Como nos dizeres da capa de La Jornada, edição de 2 de julho, AMLO “arrasou”. Segundo a metodología de contagem rápida do Instituto Nacional Eleitoral- os resultados oficiais começam a ser registrados na quarta, dia 4 de julho, AMLO teria entre 52,9% do total de votos validos. Morena venceu as eleiçõees presidenciais em 31 dos 32 estados. Dos nove estados com governos em disputa, saiu vencedor nos mais importantes e populosos: Chiapas, Tabasco, Veracruz, Cidade do México e Morelos. A nova conformação das cámaras é extremamente favorável. A coalizão encabeçada por Morena deve ficar com 69 cadeiras no Senado, contra 39 da frente PAN-PRD e apenas 20 do PRI e aliados. Na Câmara dos deputados, seriam 310 eleitos pela frente de Obrador, 129 do PAN-PRD, restando 61 para a aliança do PRI. Ou seja, AMLO terá quase dois terços do congresso de 500 deputados. Podemos falar num tsunami eleitoral.

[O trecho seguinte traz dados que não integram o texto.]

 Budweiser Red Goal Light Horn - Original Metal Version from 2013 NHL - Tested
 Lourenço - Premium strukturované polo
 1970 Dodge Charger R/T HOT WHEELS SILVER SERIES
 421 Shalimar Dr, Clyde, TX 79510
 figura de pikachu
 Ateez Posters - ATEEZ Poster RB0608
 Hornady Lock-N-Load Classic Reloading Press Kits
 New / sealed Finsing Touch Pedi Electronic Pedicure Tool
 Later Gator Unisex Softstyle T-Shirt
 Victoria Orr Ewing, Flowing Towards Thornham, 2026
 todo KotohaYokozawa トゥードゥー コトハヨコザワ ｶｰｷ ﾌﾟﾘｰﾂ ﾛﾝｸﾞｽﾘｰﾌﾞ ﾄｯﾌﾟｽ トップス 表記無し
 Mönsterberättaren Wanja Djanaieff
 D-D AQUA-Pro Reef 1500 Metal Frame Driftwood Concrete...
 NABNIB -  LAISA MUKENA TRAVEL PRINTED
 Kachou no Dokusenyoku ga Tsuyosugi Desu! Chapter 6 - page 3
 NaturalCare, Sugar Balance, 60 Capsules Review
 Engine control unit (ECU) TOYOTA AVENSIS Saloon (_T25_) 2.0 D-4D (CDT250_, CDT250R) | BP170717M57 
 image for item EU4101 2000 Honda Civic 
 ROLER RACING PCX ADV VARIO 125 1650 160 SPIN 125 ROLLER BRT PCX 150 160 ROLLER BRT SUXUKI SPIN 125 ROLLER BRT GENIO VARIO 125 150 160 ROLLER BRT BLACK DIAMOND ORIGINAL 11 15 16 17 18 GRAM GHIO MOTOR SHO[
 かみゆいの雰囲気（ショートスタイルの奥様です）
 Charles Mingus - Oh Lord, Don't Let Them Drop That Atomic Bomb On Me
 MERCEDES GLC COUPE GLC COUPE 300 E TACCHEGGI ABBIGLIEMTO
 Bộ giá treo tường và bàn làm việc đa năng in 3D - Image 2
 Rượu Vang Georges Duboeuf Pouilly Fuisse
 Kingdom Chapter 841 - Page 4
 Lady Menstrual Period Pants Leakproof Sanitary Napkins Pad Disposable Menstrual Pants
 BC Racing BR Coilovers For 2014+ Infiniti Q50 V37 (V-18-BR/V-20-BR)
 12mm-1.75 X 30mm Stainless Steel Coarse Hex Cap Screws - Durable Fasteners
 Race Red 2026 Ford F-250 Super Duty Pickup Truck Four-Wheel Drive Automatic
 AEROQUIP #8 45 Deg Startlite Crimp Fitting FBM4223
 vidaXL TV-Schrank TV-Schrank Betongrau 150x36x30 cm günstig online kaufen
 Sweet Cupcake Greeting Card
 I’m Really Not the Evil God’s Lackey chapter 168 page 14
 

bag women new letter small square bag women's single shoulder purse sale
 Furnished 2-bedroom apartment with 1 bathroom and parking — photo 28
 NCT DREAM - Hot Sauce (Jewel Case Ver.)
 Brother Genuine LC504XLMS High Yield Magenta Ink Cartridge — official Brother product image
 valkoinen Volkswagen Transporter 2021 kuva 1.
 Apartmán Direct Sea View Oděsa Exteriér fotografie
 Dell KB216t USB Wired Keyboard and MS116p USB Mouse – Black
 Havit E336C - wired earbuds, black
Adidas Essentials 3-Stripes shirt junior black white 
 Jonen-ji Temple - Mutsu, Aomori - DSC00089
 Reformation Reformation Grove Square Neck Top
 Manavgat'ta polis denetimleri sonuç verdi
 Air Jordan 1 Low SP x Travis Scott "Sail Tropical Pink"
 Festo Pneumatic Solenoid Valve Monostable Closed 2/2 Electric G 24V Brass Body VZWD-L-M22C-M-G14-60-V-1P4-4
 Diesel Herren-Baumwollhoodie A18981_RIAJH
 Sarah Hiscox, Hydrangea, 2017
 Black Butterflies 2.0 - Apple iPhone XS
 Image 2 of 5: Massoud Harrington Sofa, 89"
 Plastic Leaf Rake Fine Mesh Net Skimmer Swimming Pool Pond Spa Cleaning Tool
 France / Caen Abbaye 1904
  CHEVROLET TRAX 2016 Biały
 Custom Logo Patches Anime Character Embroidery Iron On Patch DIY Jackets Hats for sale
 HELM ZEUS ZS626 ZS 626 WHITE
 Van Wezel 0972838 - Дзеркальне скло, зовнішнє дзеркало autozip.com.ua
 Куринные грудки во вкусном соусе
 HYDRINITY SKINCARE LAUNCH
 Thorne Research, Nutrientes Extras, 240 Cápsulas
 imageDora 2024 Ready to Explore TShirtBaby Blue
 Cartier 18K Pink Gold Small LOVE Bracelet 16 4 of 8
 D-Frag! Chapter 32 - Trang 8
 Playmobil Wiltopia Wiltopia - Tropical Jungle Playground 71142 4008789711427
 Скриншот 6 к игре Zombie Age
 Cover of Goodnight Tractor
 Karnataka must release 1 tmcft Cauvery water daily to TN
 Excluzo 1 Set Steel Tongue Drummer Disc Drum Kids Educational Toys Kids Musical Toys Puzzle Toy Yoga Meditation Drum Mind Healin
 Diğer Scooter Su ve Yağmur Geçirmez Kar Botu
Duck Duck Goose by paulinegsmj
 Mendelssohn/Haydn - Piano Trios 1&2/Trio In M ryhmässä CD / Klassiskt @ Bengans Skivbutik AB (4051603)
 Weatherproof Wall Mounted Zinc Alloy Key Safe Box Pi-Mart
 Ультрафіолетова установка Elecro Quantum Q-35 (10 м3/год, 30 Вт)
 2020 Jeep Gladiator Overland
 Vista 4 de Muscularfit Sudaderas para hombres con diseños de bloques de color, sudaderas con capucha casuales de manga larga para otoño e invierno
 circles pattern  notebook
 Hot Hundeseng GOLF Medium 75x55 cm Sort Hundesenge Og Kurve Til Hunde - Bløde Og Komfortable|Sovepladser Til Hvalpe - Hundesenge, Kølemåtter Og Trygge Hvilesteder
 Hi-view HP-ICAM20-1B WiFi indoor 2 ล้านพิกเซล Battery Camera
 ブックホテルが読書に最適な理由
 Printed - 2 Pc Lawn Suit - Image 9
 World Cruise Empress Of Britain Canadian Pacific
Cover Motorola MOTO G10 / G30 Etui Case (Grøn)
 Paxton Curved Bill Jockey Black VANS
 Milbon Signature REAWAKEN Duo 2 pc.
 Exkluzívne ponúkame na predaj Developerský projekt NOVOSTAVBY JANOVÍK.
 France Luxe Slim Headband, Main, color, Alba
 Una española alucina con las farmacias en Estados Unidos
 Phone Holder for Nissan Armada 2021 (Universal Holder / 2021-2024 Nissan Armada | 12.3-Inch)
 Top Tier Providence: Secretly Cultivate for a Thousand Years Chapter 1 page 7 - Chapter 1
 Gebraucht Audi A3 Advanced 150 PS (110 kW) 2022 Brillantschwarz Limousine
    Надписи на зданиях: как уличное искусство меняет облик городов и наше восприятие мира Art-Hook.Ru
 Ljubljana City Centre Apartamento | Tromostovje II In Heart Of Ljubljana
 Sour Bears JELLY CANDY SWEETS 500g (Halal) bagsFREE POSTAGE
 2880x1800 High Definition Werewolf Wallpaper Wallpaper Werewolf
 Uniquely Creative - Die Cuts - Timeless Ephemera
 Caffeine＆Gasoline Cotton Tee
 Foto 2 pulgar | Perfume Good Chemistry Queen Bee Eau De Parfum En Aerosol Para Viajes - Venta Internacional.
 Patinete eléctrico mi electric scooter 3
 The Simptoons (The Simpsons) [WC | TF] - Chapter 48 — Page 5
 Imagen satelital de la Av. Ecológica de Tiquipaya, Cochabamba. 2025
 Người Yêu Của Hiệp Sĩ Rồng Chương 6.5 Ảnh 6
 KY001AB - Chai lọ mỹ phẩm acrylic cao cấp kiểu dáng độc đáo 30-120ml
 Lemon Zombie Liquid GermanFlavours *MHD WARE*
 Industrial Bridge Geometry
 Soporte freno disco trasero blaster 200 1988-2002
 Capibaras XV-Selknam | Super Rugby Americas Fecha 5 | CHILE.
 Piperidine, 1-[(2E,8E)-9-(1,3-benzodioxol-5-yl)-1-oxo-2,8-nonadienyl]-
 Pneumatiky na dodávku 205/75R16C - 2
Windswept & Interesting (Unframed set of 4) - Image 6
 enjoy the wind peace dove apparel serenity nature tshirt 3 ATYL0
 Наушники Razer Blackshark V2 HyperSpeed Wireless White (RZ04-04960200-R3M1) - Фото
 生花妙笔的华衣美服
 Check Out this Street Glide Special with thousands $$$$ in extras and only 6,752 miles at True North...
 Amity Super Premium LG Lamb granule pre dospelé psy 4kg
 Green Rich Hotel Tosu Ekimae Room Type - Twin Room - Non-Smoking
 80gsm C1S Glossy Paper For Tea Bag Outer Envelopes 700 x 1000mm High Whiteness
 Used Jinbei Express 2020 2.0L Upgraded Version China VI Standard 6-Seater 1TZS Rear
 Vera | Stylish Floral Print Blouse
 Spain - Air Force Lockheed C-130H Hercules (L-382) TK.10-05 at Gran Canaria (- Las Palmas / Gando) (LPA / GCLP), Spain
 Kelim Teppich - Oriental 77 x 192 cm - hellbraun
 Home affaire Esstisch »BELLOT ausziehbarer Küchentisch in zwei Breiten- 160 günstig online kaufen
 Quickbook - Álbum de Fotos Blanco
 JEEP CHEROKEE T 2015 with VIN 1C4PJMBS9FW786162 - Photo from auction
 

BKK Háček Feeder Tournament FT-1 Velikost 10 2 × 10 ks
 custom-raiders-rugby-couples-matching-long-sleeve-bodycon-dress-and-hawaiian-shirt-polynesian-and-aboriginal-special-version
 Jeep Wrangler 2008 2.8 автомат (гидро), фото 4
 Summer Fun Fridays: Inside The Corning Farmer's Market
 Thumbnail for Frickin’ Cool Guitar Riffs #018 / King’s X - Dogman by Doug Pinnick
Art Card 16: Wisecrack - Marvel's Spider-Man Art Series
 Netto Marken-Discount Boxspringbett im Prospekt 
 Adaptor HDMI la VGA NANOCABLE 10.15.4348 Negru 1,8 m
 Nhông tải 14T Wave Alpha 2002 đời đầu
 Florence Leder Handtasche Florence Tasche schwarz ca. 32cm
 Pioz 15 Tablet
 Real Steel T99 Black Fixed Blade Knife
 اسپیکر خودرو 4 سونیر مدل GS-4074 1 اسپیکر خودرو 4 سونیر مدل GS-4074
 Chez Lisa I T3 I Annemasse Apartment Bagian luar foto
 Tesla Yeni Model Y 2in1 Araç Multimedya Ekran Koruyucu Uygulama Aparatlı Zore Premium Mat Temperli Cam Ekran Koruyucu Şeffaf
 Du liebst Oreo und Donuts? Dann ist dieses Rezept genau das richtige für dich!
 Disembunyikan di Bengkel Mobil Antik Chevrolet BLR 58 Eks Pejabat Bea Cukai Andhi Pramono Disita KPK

Além da maior votação em trinta anos, AMLO deixou ferido de morte o regime e seus partidos tradicionais. O maior derrotado foi o PRI, do atual mandatário, Peña Nieto. Perdeu todos seus principais distritos, não venceu nenhum governo estadual e foi humilhado na própria base histórica de Pena Nieto, Atlacomulco, Estado do México. O outro que sai derrotado é o PRD, na sua aposta de girar a direita na coligação com o PAN. Perdeu seu bastião na Cidade do México, onde governava há duas décadas, com a vitória da estrela ascendente de Morena, Claudia Sheilbaum . Nas 16 prefeituras do Distrito Federal, Morena venceu em 11, arrasando por completo a base social e eleitoral do PRD.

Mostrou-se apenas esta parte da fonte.